Posted on 12/16/2001 1:56:44 AM PST by Cincinatus' Wife

CARACAS, Venezuela (AP) - President Hugo Chavez threatened on Saturday to nationalize banks that fail to observe legislation requiring them to lend at least 15 percent of their loan portfolio to small farmers.

``We can nationalize any bank that does not observe the law,'' Chavez said in a speech in Venezuela's National Assembly. ``Not only can we nationalize any bank, any banker that does not abide by the law could go to jail.''

Last month, Chavez' government used ``fast-track'' legislative powers to decree 49 laws affecting industries from oil to agriculture.

Under the new legislation, banks must lend at least 15 percent, rather than the previous 8 percent, of their portfolios to poor farmers in need of credit.

Another contentious law opens the way for the expropriation of ``idle'' farmlands and the distribution of small plots to farmers.

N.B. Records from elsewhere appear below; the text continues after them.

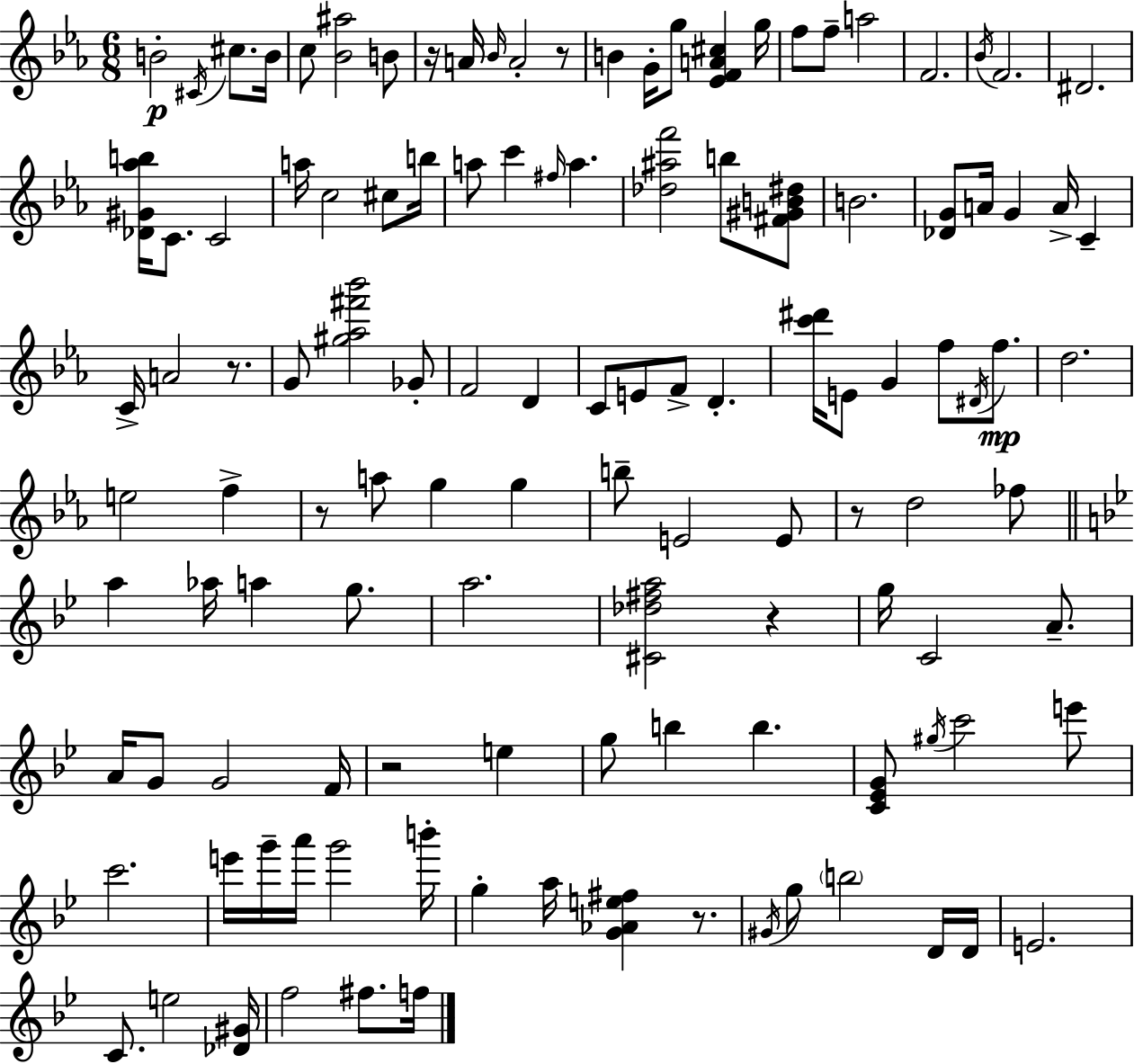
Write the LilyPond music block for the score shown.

{
  \clef treble
  \numericTimeSignature
  \time 6/8
  \key c \minor
  \repeat volta 2 { b'2-.\p \acciaccatura { cis'16 } cis''8. | b'16 c''8 <bes' ais''>2 b'8 | r16 a'16 \grace { bes'16 } a'2-. | r8 b'4 g'16-. g''8 <ees' f' a' cis''>4 | \break g''16 f''8 f''8-- a''2 | f'2. | \acciaccatura { bes'16 } f'2. | dis'2. | \break <des' gis' aes'' b''>16 c'8. c'2 | a''16 c''2 | cis''8 b''16 a''8 c'''4 \grace { fis''16 } a''4. | <des'' ais'' f'''>2 | \break b''8 <fis' gis' b' dis''>8 b'2. | <des' g'>8 a'16 g'4 a'16-> | c'4-- c'16-> a'2 | r8. g'8 <gis'' aes'' fis''' bes'''>2 | \break ges'8-. f'2 | d'4 c'8 e'8 f'8-> d'4.-. | <c''' dis'''>16 e'8 g'4 f''8 | \acciaccatura { dis'16 }\mp f''8. d''2. | \break e''2 | f''4-> r8 a''8 g''4 | g''4 b''8-- e'2 | e'8 r8 d''2 | \break fes''8 \bar "||" \break \key g \minor a''4 aes''16 a''4 g''8. | a''2. | <cis' des'' fis'' a''>2 r4 | g''16 c'2 a'8.-- | \break a'16 g'8 g'2 f'16 | r2 e''4 | g''8 b''4 b''4. | <c' ees' g'>8 \acciaccatura { gis''16 } c'''2 e'''8 | \break c'''2. | e'''16 g'''16-- a'''16 g'''2 | b'''16-. g''4-. a''16 <g' aes' e'' fis''>4 r8. | \acciaccatura { gis'16 } g''8 \parenthesize b''2 | \break d'16 d'16 e'2. | c'8. e''2 | <des' gis'>16 f''2 fis''8. | f''16 } \bar "|."
}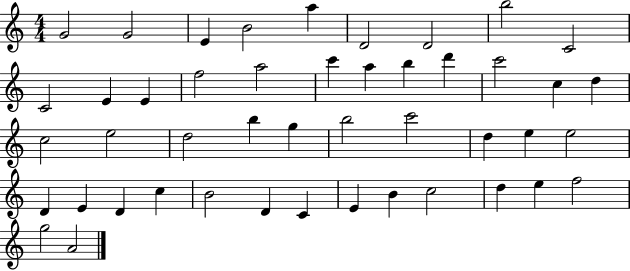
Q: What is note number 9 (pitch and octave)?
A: C4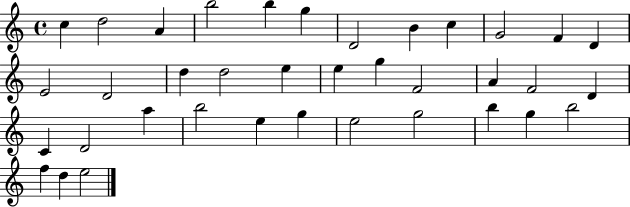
{
  \clef treble
  \time 4/4
  \defaultTimeSignature
  \key c \major
  c''4 d''2 a'4 | b''2 b''4 g''4 | d'2 b'4 c''4 | g'2 f'4 d'4 | \break e'2 d'2 | d''4 d''2 e''4 | e''4 g''4 f'2 | a'4 f'2 d'4 | \break c'4 d'2 a''4 | b''2 e''4 g''4 | e''2 g''2 | b''4 g''4 b''2 | \break f''4 d''4 e''2 | \bar "|."
}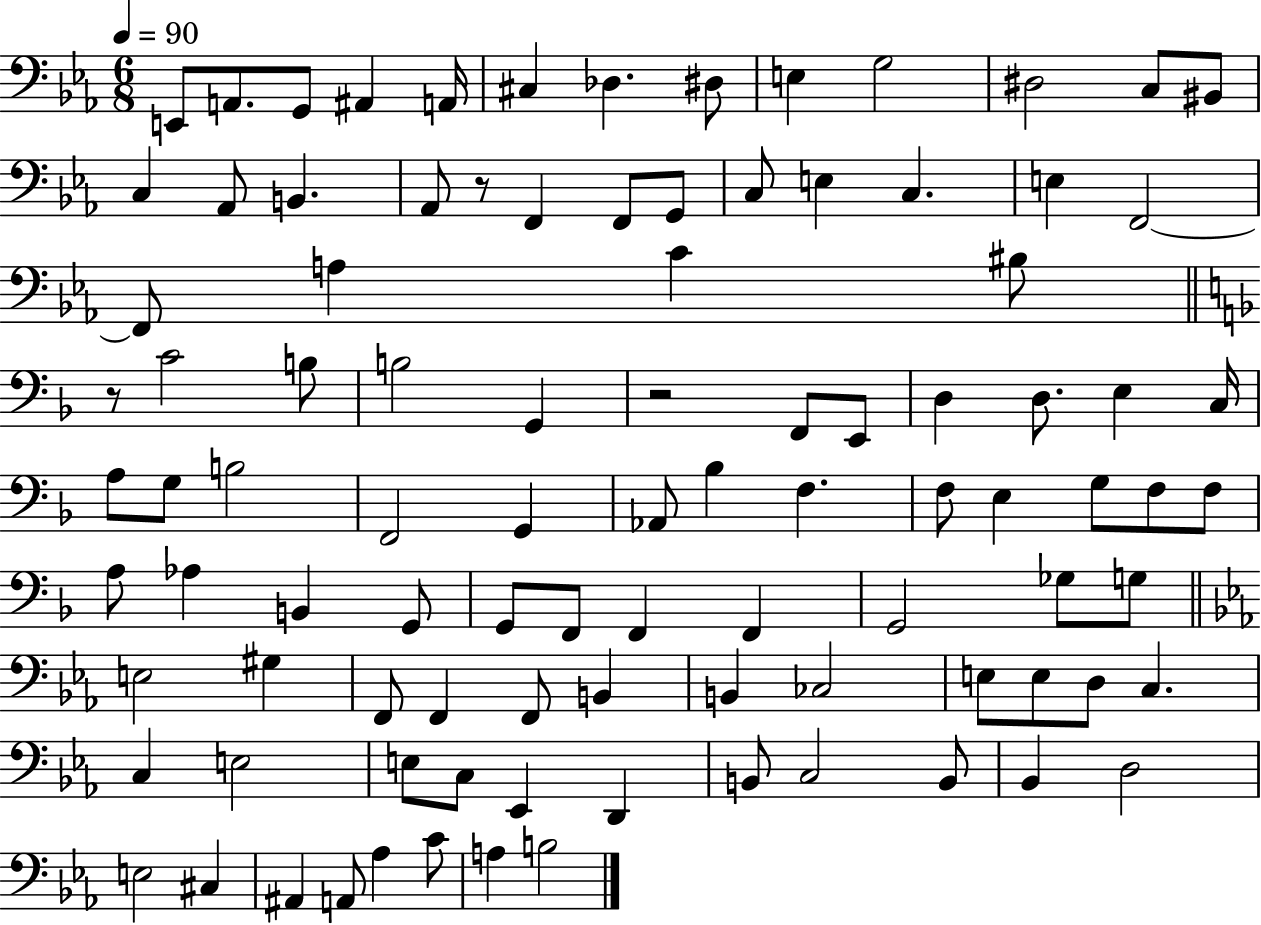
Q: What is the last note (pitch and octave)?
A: B3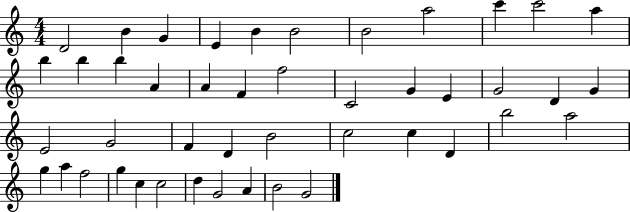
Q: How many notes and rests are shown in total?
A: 45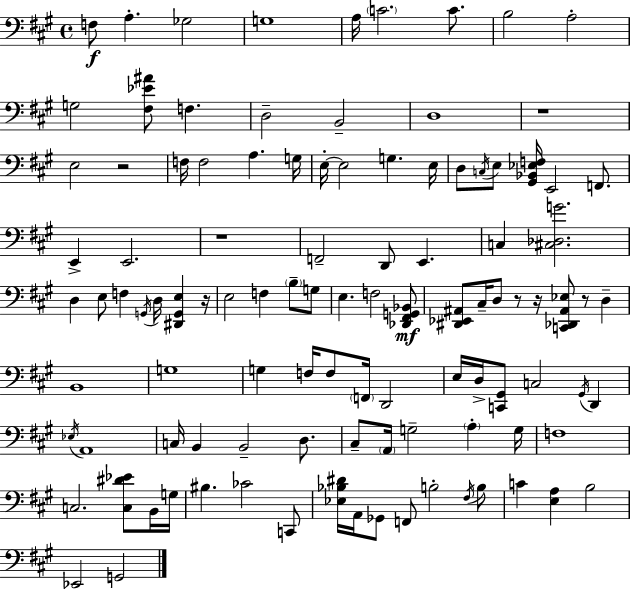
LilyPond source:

{
  \clef bass
  \time 4/4
  \defaultTimeSignature
  \key a \major
  \repeat volta 2 { f8\f a4.-. ges2 | g1 | a16 \parenthesize c'2. c'8. | b2 a2-. | \break g2 <fis ees' ais'>8 f4. | d2-- b,2-- | d1 | r1 | \break e2 r2 | f16 f2 a4. g16 | e16-.~~ e2 g4. e16 | d8 \acciaccatura { c16 } e8 <gis, bes, ees f>16 e,2 f,8. | \break e,4-> e,2. | r1 | f,2-- d,8 e,4. | c4 <cis des g'>2. | \break d4 e8 f4 \acciaccatura { g,16 } d16 <dis, g, e>4 | r16 e2 f4 \parenthesize b8-- | g8 e4. f2 | <des, fis, g, bes,>8\mf <dis, ees, ais,>8 cis16-- d8 r8 r16 <c, des, ais, ees>8 r8 d4-- | \break b,1 | g1 | g4 f16 f8 \parenthesize f,16 d,2 | e16 d16-> <c, gis,>8 c2 \acciaccatura { gis,16 } d,4 | \break \acciaccatura { ees16 } a,1 | c16 b,4 b,2-- | d8. cis8-- \parenthesize a,16 g2-- \parenthesize a4-. | g16 f1 | \break c2. | <c dis' ees'>8 b,16 g16 bis4. ces'2 | c,8 <ees bes dis'>16 a,16 ges,8 f,8 b2-. | \acciaccatura { fis16 } b8 c'4 <e a>4 b2 | \break ees,2 g,2 | } \bar "|."
}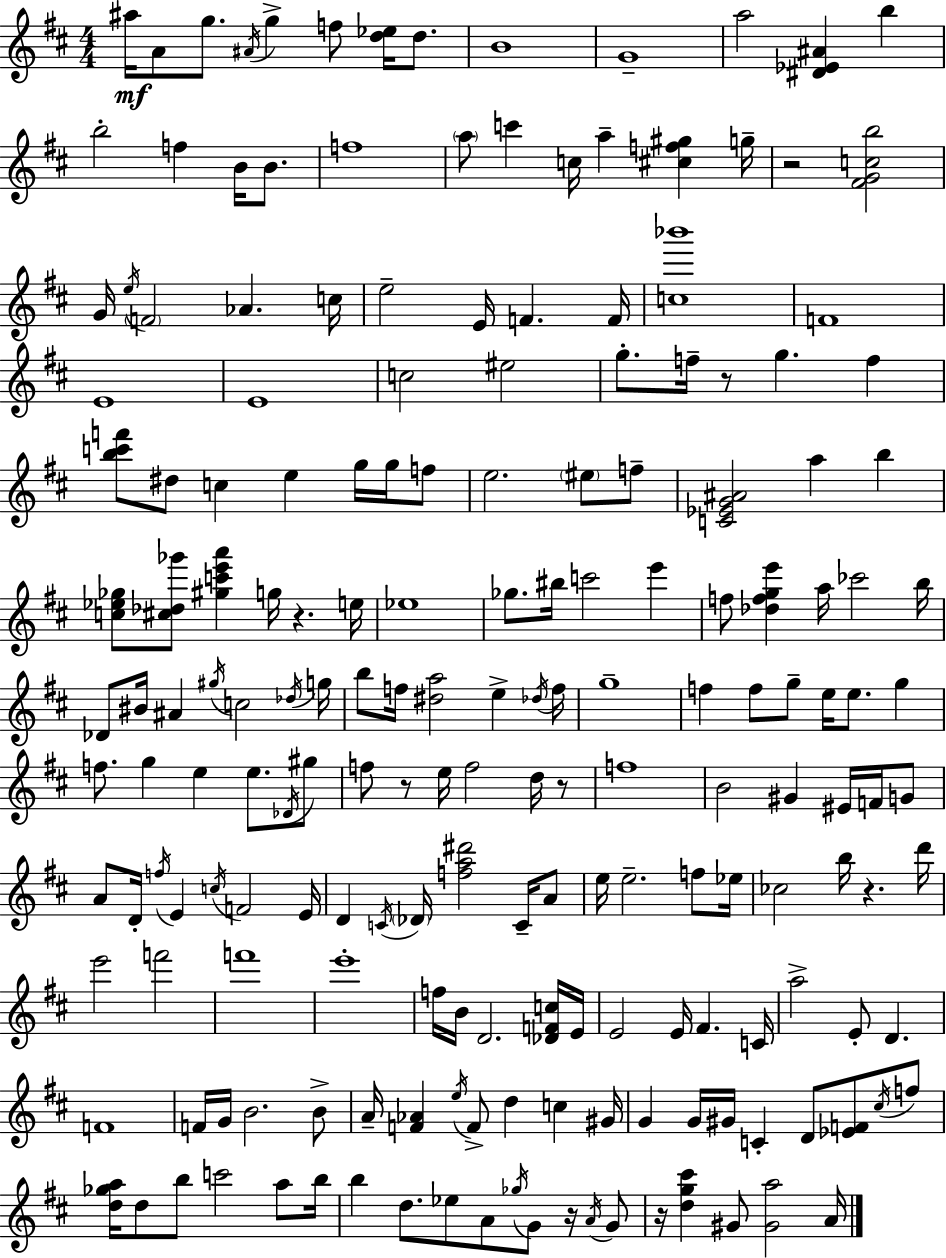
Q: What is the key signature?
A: D major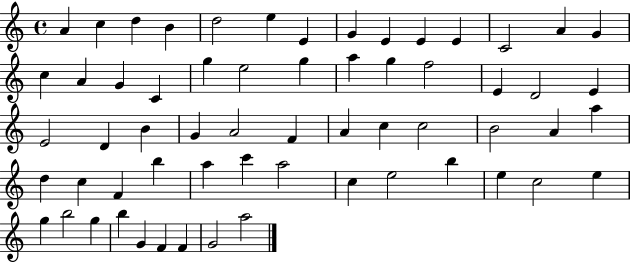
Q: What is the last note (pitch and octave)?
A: A5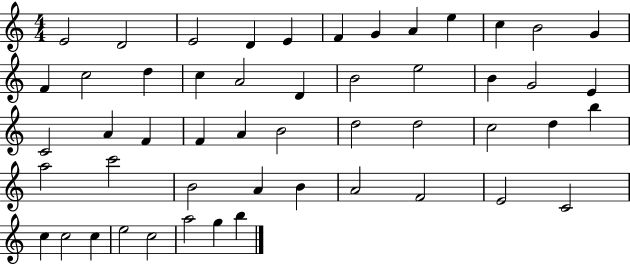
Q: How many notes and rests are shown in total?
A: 51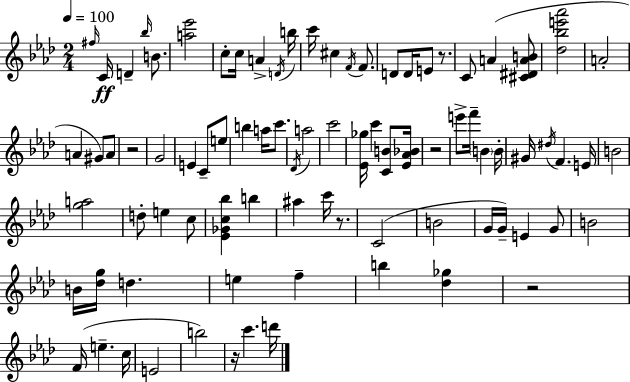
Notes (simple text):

F#5/s C4/s D4/q Bb5/s B4/e. [A5,Eb6]/h C5/e C5/s A4/q D4/s B5/s C6/s C#5/q F4/s F4/e. D4/e D4/s E4/e R/e. C4/e A4/q [C#4,D#4,A4,B4]/e [Db5,Bb5,E6,Ab6]/h A4/h A4/q G#4/e A4/e R/h G4/h E4/q C4/e E5/e B5/q A5/s C6/e. Db4/s A5/h C6/h [Eb4,Gb5]/s C6/q [C4,B4]/e [Eb4,Ab4,Bb4]/s R/h E6/e F6/s B4/q B4/s G#4/s D#5/s F4/q. E4/s B4/h [G5,A5]/h D5/e E5/q C5/e [Eb4,Gb4,C5,Bb5]/q B5/q A#5/q C6/s R/e. C4/h B4/h G4/s G4/s E4/q G4/e B4/h B4/s [Db5,G5]/s D5/q. E5/q F5/q B5/q [Db5,Gb5]/q R/h F4/s E5/q. C5/s E4/h B5/h R/s C6/q. D6/s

Chavez made the statements during a ceremony to commemorate the second anniversary of the approval of the new constitution.

To protest the laws, Fedecameras, the country's leading association of businesses, brought Venezuela to a virtual halt with a one-day nationwide strike earlier this week. It is also challenging the laws in Venezuela's highest court and pushing for amendments in the legislature.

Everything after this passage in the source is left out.